При более внимательном рассмотрении обессмысленное утверждение полного отсутствия смысла у мира оказывается всего лишь заменой одного обозначения смысла другим обозначением смысла. Заменив телеологию программой, вы приходите к утверждению, что смысл — это программа. Вам неизбежно придется тогда отметить, что вселенная — это процесс, где всё эволюционирует и где растет объем информации, — и что отметить это значит отметить наличие смысла, некий вид смысла, присущий вселенной.
2) Второе положение касается смерти, разумеется — настоящей, не смерти светила или живого существа, лишенного самосознания, а смерти в библейском смысле — то есть в смысле человеческом, смерти того, кто знает, что ему суждено умереть.
По поводу смерти в нашем распоряжении только две достоверности[LXXIII]; увиденное со стороны — и известное изнутри; наблюдение — и самоанализ.

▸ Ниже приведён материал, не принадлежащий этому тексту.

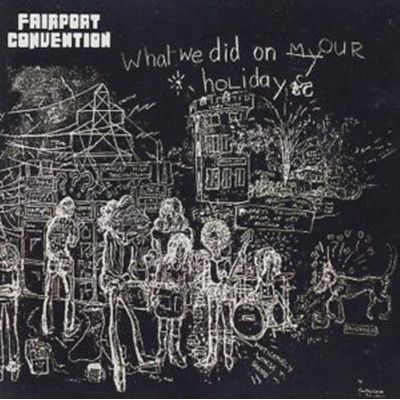WHAT WE DID ON HOUR HOLIDA - FAIRPORT CONVENTION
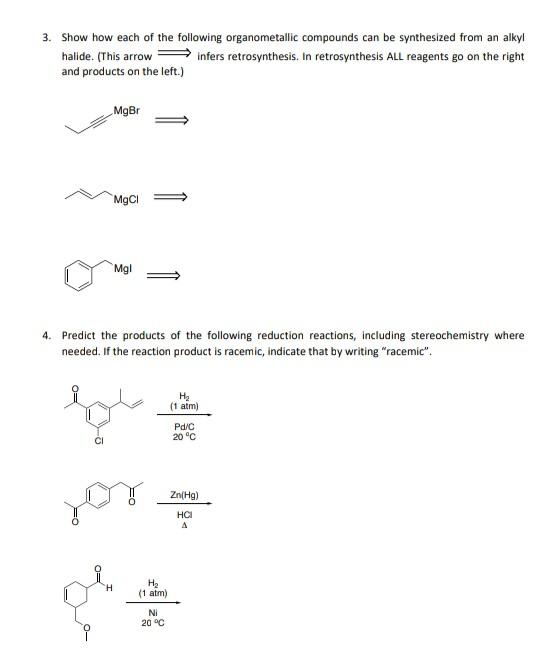 Solved 3. Show how each of the following organometallic | Chegg.com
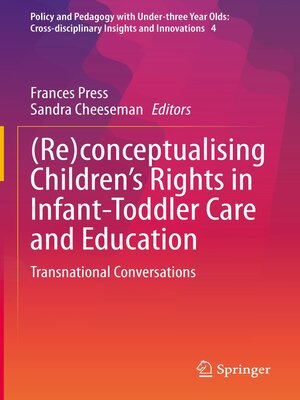 cover image of (Re)conceptualising Children's Rights in Infant-Toddler Care and Education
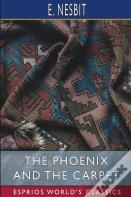 The Phoenix And The Carpet (Esprios Classics)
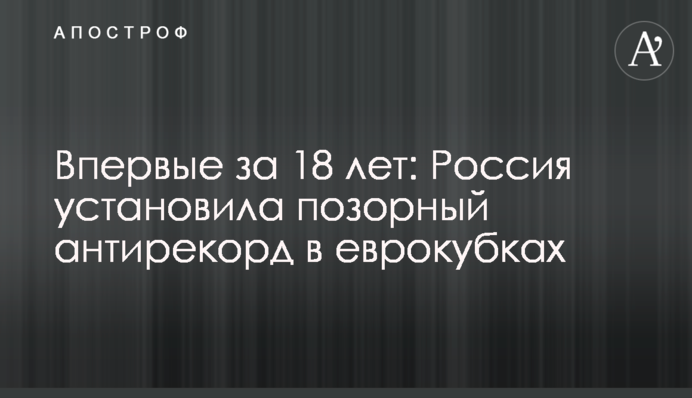 Вперше за 18 років: Росія встановила ганебний антирекорд в єврокубках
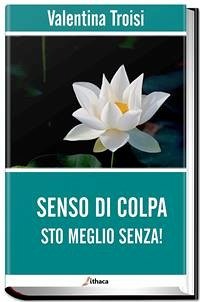 Senso di colpa. Sto meglio senza! (eBook, ePUB) - Troisi, Valentina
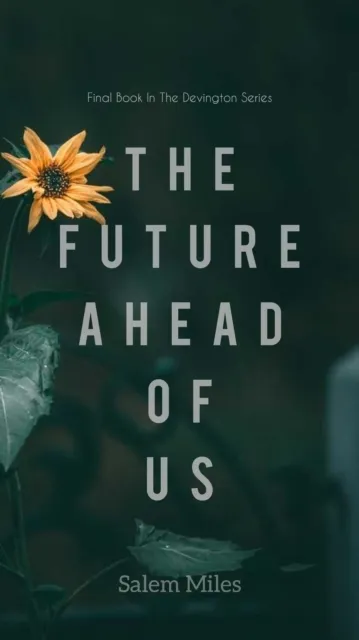 Future Ahead Of Us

Невозможно отвергнуть свидетельство трупа. Люди бегут от трупа — или плутуют с ним, прибегая ко всяким уловкам (от кремации — до мумифицирования). Невозможность отвергнуть побуждает уклониться от обсуждения. Что может быть более возмутительным, чем отсрочка в плане сохранения человеческой видимости, отпущенная тошнотворному скоплению материи, которое в течение долгого времени было живой формой, сохранявшей свои неповторимые жизненные черты… за счет внешнего мира. Это наделенное знанием тело… утратило свою тайну. Труп свидетельствует о необратимости стрелы времени. Труп любимого существа знаменует вступление на путь отвращения, смешанного с ужасом, и, что гораздо хуже, — не-бытия.